Mon, Dec 13, 2004 - Page 7 News List

Red-tailed hawks' eviction has New Yorkers up in arms


For more than a decade, the Fifth Avenue Hawks have brought a touch of the wild to Manhattan's concrete canyons. The pair of predatory birds, which captured the hearts of a city, inspired a documentary, a book and reams of newsprint.

They have also inspired thousands of tourists and locals alike, who thrilled to see the birds hunting in Central Park and nesting on a ledge on one of New York's most elite apartment buildings. But now the residents who shared their building with the red-tailed hawks have destroyed their nest, leaving New York's most famous feathered citizens homeless.

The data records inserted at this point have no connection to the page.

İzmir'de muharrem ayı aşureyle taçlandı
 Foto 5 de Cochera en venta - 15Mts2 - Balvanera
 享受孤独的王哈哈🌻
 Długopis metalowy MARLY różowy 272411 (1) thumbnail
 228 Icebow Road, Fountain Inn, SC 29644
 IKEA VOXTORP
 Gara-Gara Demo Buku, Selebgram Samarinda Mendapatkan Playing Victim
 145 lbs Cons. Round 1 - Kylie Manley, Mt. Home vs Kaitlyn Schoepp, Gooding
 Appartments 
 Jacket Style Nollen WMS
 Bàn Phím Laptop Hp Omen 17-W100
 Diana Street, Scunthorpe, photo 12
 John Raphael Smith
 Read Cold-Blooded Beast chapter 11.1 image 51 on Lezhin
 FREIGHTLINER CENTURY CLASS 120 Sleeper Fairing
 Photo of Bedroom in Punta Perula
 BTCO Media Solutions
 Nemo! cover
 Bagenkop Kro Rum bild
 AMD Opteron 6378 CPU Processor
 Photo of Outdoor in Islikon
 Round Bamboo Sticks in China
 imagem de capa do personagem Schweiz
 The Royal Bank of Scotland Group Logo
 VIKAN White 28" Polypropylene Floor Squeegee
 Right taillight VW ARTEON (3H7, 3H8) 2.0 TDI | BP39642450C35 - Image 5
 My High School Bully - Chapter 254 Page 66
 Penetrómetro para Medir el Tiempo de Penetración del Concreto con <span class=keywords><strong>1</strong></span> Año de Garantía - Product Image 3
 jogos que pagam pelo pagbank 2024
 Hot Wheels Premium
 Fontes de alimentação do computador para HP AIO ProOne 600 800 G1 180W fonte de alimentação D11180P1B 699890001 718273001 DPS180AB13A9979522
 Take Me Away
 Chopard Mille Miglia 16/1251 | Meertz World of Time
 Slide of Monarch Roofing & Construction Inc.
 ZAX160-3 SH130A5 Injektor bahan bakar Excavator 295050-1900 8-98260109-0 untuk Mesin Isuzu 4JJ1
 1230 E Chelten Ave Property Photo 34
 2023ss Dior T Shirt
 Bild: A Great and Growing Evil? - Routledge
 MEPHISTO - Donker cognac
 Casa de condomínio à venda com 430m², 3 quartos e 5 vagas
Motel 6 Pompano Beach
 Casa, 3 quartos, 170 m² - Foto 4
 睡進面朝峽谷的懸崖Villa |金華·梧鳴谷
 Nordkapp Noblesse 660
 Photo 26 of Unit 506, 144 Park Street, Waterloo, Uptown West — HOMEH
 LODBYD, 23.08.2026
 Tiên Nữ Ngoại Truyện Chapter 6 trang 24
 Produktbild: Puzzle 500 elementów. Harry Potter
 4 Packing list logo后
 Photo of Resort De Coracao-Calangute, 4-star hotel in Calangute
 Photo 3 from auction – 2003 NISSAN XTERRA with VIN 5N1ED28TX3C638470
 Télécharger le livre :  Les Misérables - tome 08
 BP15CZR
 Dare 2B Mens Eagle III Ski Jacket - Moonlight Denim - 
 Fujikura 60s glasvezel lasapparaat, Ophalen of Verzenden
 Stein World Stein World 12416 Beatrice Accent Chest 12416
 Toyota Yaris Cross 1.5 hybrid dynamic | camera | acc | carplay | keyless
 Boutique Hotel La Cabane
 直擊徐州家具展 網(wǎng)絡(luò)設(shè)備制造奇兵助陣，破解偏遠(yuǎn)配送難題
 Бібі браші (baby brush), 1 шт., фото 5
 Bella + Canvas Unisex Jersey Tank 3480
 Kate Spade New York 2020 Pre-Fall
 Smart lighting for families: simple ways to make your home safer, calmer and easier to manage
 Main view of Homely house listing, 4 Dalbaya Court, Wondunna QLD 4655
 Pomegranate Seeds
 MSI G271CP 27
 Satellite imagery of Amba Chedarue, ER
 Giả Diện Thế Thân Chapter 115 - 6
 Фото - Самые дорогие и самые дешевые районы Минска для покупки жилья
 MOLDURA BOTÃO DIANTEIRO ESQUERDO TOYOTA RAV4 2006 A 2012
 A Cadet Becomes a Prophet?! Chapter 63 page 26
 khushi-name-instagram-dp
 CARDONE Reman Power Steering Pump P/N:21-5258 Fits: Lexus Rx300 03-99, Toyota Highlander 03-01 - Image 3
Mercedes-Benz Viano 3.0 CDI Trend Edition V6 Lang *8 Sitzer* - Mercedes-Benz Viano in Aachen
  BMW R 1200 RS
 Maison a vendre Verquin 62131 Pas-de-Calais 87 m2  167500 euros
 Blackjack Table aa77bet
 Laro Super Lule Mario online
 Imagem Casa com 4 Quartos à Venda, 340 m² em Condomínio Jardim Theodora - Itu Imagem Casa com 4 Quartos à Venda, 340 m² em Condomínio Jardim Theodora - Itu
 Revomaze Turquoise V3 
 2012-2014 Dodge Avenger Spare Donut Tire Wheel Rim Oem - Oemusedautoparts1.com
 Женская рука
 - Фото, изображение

In a city prone to navel-gazing, the strike was greeted with an explosion of outrage. Protests have been organized, stories splashed across newspapers and, in a move typical of New Yorkers, lawyers summoned. Hawks who live at an address such as 927 Fifth Avenue cannot be evicted without a fight.

"I am devastated. I am livid with anger that anyone could do such a thing as this," said Marie Winn, author of the bestseller Red Tails In Love, which chronicled their lives since their arrival in New York 13 years ago.

Dubbed Pale Male and Lola, the birds' attracted a fanatical group of supporters.

Now the same people are gathering daily to protest. On Friday night, as rain poured, a hardy group of 30 or so protesters carried signs saying "Shame on 927" and heckled any of the hyper-wealthy residents who appeared. One sign asked motorists to honk in support: it was a cacophony every time a traffic light turned red.

"The people in that building are heartless," said elderly Lee Stinchcomb, sheltering under a large umbrella, "I am a huge fan of the hawks and have been coming to see them for 10 years. It is just unbelievable this could happen."

Those sentiments have echoed across the media. The New York Times devoted an editorial to the matter.

"The hawks have gone out of their way to learn to live with us. The least the wealthy residents of 927 Fifth Avenue could have done was learn to live with the hawks," the paper fumed.

In the tabloid New York Post, columnist Andrea Peyser was blunt: "Evict the evil bird haters!" she wrote.